Sementara itu, Kepala Bidang Intelijen Divisi Keimigrasian pada Kanwil Kemenkumham RI wilayah Provinsi Jambi, Daddy Suryadi menyebutkan sampai saat ini, jumlah warga negara asing yang ada di wilayah hukum Kanwil Kemenkumham RI wilayah Provinsi Jambi mencapai 142 orang asing.

Ke-142 WNA itu, sebut Daddy dengan rincian, yaitu 5 WNA memiliki ITK (Izin Tinggal Kunjungan), 126 WNA memegang ITAS (Izin Tinggal Sementara), dan 11 WNA mempunyai ITAP (Izin Tinggal Tetap).

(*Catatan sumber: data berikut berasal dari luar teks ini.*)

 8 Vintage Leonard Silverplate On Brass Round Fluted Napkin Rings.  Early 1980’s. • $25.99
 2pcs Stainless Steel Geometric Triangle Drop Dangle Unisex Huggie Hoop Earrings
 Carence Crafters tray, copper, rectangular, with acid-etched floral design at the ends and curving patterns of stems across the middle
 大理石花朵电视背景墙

Dipaparkan Daddy, warga negara asing yang berada di wilayah Provinsi Jambi ini, merupakan salah satu wilayah tujuan ITAS (Izin Tinggal Sementara) untuk bekerja dan belajar. Hampir 60 persen, tambah Daddy, mereka adalah WNA yang berstatus sebagai pelajar asal negeri Jiran Malaysia, dan kini sedang menimba ilmu di perguruan tinggi Institut Agama Islam Negeri Sulthan Thaha Saifuddin Jambi.

Sedangkan WNA yang lainnya, ungkap Daddy menjelaskan, mereka bekerja di sektor-sektor industri, seperti pekerja di perusahaan perkebunan PT. Lontar Papyrus Pulp and Paper Jambi, dan pekerja di perusahaan pertambangan migas di lokasi PT Petro China International Jabung Ltd.

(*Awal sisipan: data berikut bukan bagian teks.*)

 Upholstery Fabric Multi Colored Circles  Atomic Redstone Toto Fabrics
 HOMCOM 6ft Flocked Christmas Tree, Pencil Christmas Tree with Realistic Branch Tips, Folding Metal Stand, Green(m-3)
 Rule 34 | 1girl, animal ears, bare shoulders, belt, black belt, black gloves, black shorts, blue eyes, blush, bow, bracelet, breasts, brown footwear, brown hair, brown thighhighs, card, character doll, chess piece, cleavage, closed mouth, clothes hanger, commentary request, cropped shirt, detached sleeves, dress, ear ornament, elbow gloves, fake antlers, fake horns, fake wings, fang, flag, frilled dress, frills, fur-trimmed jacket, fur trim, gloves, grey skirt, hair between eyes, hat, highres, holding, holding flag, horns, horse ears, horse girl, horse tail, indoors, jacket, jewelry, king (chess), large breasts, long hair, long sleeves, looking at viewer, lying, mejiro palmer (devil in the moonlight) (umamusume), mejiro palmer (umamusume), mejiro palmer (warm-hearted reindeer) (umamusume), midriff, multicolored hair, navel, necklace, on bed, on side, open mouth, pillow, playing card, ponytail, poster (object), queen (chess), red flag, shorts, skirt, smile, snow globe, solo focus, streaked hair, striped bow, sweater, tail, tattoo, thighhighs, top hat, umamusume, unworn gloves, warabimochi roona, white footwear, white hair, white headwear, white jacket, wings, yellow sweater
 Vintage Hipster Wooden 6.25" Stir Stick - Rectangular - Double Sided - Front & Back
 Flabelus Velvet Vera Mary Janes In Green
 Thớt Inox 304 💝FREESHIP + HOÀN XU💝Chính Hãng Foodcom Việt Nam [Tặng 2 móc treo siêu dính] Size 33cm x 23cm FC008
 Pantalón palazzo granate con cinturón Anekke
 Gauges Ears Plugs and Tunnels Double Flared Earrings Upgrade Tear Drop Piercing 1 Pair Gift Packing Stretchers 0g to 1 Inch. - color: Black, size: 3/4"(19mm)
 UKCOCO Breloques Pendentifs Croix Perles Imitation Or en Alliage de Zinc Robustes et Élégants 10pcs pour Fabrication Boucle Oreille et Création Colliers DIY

Saat disinggung soal masuknya para imigran ilegal pencari suaka asal Timur Tengah ke wilayah Provinsi Jambi dengan mudah, seperti imigran asal Afganistan, Pakistan, Irak dan Iran. Daddy Suryadi menduga, para imigran ilegal pencari suaka tersebut ada men-supportnya.

“Mungkin saja, ada support dari warga kita sendiri yang berada di tanah air, atau ada agen dari lintas negara. Motif ini yang kita telusuri lebih lanjut,” ujarnya.

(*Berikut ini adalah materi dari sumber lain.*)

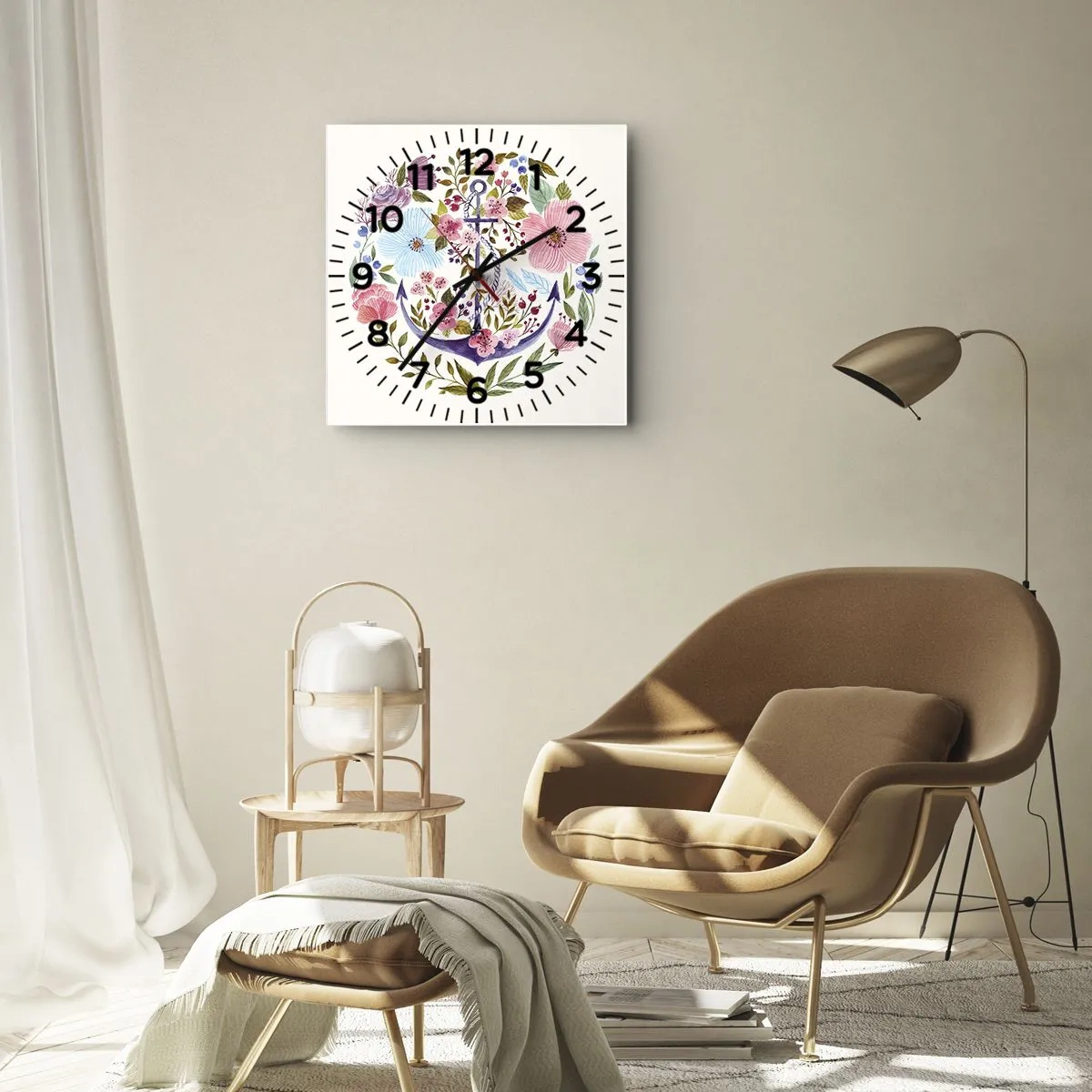 Horloge murale - Pendule murale - Une ancre entourée de fleurs à l'aquarelle sur un fond clair - 30x30cm - Le beau rêve du marin - Décoration murale moderne pour le salon et la chambre ARTTOR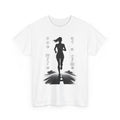 White t-shirt with a graphic of a runner and text 'one mile at a time' on a white background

Secara umum, Daddy menggambarkan secara detil, para imigran ilegal asal Timur Tengah itu, menggunakan jalur masuk Pekanbaru (Provinsi Riau)-Dumai (Provinsi Riau)-Malaka (Negara Malaysia) via Selat Malaka lalu masuk ke wilayah Indonesia via Aceh terus melalui jalur darat hingga sampai ke wilayah Jambi.

“Negara Malaysia ini, memang sudah lama menjadi tempat penampungan para imigran gelap dari Timur Tengah, seperti Afganistan, Irak atau Iran, dan Pakistan,” demikian sebutnya.